The lessons I've learned when building a Smiling Bot: an embedded CNN model for the deep learning for Visual Recognition course at Stanford.

The Smiling Bot I made for CS231n was performing okay, at least on paper. 40% recall at 70% precision for smile detection is not disasterous for an "embedded" model. When I showed it around to the colleagues in the office, however, the performace seemed way worse. 2 smile recognized out of about 15 attempts: that is not what 40% recall sounds like.

This time, however, I "logged features from production"--every capture taken was saved to internal memory for later inspection.

Turns out, the pictures of the actual users didn't quite look like the training data. Here's a dramatic reenactment (the verbal Terms of Service my users consented to didn't allow me to publish their images):

Whereas the pictures in my training dataset looked like this:

The training dataset images were universally sharper, have better dynamic range, and less noise. Yes, the augmentations I applied did add jitter and motion blur; they rotated and scaled, but there was no "destroy the shadows contrast" or "emulate the backlit subject" augmentation.

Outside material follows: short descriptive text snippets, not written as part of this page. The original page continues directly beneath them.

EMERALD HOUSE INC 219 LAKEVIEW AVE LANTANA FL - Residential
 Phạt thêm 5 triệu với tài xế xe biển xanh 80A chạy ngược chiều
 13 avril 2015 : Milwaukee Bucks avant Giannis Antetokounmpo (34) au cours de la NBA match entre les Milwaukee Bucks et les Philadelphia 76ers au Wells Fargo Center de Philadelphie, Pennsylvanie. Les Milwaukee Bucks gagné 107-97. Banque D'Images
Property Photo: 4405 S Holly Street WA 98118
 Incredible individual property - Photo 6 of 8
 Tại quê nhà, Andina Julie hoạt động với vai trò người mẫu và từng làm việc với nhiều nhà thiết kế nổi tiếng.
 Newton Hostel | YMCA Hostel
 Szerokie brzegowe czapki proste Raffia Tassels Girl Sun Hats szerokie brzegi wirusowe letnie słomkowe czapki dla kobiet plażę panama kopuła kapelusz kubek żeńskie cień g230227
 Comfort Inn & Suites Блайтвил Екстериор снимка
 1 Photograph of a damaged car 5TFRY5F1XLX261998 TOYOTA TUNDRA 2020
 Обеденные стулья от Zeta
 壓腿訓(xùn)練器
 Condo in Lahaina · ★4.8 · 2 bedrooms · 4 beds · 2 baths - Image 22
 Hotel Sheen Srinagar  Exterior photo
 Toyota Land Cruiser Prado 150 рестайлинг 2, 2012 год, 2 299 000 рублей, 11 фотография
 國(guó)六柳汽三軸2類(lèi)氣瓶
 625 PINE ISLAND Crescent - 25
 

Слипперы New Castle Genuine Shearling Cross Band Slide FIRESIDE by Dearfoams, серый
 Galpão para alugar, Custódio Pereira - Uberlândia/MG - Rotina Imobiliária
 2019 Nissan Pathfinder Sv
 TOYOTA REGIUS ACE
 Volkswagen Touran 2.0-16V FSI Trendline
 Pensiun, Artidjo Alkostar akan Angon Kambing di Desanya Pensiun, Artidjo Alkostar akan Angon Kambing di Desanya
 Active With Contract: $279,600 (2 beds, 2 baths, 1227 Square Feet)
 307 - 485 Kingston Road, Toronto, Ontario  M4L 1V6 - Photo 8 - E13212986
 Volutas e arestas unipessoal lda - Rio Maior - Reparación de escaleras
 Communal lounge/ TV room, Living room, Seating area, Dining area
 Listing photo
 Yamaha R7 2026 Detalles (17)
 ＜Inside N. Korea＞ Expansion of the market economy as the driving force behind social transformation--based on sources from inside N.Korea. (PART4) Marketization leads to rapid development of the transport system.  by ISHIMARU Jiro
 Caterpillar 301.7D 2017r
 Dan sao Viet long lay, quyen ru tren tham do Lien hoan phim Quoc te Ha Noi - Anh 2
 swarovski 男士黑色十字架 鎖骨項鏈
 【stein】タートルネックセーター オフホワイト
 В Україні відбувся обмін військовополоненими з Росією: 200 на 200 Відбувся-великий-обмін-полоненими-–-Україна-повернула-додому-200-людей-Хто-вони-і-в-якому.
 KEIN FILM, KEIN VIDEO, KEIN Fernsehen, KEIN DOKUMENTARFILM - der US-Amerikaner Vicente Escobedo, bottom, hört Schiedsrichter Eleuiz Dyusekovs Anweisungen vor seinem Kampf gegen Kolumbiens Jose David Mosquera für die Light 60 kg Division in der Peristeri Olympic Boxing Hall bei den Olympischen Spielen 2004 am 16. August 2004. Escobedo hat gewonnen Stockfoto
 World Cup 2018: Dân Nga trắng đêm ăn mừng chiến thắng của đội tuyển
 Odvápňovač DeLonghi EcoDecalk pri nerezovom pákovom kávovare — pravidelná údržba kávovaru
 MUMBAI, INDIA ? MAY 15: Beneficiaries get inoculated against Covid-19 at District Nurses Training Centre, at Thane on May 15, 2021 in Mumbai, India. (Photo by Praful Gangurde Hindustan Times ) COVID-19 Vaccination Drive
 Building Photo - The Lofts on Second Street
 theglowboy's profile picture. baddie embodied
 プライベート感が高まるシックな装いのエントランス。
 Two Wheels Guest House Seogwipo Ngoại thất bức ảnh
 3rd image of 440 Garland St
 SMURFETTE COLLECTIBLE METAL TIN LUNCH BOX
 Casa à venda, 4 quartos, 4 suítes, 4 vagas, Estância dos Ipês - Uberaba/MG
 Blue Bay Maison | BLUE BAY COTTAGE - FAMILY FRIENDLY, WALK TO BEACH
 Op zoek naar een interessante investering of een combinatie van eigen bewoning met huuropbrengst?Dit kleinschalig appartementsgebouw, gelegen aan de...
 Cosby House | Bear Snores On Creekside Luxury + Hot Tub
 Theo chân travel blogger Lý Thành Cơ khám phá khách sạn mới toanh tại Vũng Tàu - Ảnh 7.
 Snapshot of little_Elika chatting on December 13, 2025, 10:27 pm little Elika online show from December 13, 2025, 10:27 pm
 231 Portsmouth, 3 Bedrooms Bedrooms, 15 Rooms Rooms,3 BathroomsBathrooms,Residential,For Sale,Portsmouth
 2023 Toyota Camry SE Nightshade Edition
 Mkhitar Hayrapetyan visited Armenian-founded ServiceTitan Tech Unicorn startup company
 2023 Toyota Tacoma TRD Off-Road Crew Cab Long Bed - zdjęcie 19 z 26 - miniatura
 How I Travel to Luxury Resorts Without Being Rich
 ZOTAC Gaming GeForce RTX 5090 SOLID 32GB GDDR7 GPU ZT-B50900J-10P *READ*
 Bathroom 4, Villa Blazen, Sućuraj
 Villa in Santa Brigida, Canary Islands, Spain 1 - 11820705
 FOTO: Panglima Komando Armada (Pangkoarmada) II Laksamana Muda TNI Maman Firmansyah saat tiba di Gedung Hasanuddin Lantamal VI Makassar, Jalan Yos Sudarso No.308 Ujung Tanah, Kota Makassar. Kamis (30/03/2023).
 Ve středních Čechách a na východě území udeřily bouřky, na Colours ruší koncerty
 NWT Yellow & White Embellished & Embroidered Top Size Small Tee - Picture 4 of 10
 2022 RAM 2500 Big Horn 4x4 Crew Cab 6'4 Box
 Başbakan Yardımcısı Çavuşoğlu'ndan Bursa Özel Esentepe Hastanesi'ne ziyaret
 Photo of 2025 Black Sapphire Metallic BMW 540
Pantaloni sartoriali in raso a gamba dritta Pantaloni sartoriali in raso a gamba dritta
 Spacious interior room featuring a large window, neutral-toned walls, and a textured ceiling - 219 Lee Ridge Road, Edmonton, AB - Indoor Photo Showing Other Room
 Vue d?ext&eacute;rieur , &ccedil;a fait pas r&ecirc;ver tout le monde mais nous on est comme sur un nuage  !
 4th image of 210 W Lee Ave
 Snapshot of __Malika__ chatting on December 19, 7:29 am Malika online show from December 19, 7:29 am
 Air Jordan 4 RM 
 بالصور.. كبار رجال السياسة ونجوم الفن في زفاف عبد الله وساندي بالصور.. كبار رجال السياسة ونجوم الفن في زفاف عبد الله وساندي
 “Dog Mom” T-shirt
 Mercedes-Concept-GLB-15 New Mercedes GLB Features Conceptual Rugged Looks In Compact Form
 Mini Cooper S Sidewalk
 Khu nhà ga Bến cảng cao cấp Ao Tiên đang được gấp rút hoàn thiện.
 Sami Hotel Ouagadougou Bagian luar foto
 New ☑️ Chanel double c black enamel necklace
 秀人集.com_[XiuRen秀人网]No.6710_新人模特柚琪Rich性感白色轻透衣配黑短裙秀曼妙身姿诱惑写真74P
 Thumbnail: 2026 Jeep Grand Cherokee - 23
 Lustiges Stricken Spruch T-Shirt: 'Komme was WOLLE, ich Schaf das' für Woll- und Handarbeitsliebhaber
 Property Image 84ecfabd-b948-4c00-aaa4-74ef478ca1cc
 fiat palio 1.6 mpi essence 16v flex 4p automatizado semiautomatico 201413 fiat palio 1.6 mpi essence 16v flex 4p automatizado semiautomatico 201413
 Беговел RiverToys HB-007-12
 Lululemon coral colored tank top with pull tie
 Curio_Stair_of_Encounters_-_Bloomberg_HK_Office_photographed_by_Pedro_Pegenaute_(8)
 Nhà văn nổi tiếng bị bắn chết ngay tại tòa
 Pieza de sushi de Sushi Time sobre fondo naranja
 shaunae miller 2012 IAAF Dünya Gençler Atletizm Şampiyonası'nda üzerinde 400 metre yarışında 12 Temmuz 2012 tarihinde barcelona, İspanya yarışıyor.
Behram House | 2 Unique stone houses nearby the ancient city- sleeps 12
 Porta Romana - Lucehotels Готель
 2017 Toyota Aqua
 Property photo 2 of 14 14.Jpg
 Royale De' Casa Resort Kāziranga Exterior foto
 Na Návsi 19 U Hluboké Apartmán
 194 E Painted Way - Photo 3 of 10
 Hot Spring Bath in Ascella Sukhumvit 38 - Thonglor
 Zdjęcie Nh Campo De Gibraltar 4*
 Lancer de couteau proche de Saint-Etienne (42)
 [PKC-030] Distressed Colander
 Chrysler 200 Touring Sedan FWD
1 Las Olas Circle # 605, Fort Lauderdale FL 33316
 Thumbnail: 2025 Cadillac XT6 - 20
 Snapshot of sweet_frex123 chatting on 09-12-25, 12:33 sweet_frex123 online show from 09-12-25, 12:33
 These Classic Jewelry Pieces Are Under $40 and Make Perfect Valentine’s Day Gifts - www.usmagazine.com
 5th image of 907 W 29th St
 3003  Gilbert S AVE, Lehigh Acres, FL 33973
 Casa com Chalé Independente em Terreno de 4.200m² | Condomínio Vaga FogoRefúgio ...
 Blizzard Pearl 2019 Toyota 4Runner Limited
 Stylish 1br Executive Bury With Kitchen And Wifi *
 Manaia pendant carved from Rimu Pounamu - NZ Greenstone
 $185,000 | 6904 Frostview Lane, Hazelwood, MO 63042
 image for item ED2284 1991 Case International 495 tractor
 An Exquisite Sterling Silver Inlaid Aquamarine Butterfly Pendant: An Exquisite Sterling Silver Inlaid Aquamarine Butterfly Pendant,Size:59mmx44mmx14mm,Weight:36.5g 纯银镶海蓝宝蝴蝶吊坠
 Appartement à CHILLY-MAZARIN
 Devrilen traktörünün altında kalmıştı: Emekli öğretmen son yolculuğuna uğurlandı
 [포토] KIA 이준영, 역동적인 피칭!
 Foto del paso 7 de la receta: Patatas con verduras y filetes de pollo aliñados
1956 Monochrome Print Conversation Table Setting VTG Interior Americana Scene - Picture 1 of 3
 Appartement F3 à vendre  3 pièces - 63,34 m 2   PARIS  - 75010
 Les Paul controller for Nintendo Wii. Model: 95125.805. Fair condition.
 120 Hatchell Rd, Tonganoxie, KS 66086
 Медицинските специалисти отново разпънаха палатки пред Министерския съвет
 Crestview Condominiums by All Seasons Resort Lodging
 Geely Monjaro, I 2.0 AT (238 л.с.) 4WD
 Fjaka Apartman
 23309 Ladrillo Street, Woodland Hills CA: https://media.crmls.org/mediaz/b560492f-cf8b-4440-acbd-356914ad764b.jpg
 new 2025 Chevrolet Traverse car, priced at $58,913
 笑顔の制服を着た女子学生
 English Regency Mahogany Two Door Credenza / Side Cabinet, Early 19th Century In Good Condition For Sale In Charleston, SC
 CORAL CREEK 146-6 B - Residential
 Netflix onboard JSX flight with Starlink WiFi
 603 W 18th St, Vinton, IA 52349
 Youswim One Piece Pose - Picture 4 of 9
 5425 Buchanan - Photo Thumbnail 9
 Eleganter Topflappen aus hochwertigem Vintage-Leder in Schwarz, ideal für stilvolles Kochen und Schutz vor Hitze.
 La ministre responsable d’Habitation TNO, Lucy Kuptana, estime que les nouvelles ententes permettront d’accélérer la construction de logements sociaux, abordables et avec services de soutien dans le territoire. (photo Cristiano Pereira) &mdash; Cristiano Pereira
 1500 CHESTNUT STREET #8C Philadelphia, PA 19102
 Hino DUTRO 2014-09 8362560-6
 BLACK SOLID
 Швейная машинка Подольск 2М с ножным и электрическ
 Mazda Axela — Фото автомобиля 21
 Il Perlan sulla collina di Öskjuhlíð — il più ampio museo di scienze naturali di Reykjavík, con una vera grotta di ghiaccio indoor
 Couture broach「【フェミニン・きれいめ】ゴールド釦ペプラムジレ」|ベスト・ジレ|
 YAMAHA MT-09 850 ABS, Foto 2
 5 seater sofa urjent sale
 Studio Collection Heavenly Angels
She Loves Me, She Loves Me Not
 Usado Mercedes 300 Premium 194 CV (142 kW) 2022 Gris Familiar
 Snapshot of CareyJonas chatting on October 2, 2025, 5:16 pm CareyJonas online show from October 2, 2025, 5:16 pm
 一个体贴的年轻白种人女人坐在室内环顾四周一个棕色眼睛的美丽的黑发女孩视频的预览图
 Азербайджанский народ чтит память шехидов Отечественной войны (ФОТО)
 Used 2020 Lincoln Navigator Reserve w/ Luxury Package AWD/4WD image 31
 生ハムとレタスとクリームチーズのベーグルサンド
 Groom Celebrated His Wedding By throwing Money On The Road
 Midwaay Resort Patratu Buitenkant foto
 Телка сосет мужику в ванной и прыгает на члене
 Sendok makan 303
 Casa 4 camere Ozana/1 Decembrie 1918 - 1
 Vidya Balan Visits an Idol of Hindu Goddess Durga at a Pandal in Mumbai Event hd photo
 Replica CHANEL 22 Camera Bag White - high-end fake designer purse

I should add one, retrain, and see what happens.

The Chicken and The Egg

"Logging features from production" is considered the cheapest and the most maintainable way to ensure the model trains of what it would actually face. Quoting Rule 29 from Google's "Best Practices for ML Engineering" post:

Rule #29: The best way to make sure that you train like you serve is to save the set of features used at serving time, and then pipe those features to a log to use them at training time.

Even if you can’t do this for every example, do it for a small fraction, such that you can verify the consistency between serving and training (see Rule #37). Teams that have made this measurement at Google were sometimes surprised by the results. YouTube home page switched to logging features at serving time with significant quality improvements and a reduction in code complexity, and many teams are switching their infrastructure as we speak.

They're correct. But there's the chicken and the egg problem here.

See, if I don't have a device with a trained model, I have no users! If I have no users, nobody is producing features for me to train. In order for my colleagues to play with my device, I had to have the device built. I probably could just flip a coin every time a user presses the button, but this approach wouldn't scale to many users.

But if I want my model to perform, I need to train on the production features. What came first, the chicken or the egg?

I think augmentations and feature engineering could be the answer here. But a more important lesson here, you can't avoid training on production features for early stages of a model development.

***

In one capture, the non-neural face detection pre-filter even considered the light fixture to be a more likely face than my own.

That's why we need neural networks, kids.